- **Problem to work on**
When a line below contains the string "together", show that line.

- **Dataset**

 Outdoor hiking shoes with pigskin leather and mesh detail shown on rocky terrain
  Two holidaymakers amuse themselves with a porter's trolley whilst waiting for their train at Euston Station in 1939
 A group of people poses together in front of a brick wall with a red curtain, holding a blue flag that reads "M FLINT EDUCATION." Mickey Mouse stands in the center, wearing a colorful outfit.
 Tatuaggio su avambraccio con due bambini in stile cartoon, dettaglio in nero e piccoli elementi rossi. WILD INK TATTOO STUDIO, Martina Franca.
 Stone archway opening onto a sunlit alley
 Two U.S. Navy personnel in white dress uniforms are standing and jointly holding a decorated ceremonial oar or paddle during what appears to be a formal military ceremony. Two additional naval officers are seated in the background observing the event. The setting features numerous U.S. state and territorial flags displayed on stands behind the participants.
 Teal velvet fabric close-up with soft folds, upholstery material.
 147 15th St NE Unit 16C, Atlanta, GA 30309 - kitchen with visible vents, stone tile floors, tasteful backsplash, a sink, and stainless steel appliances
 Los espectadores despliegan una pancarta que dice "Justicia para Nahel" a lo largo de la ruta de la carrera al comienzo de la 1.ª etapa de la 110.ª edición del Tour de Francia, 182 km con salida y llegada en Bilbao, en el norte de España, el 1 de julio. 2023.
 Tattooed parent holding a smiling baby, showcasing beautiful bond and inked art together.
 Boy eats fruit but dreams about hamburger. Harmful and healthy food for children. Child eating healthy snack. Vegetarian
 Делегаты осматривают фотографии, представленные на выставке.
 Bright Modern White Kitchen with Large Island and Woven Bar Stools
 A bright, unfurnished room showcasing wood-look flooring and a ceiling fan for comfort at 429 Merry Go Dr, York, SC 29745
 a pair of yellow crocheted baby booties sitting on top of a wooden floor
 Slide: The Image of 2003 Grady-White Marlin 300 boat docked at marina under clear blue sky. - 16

- **Answer**
 A group of people poses together in front of a brick wall with a red curtain, holding a blue flag that reads "M FLINT EDUCATION." Mickey Mouse stands in the center, wearing a colorful outfit.
 Tattooed parent holding a smiling baby, showcasing beautiful bond and inked art together.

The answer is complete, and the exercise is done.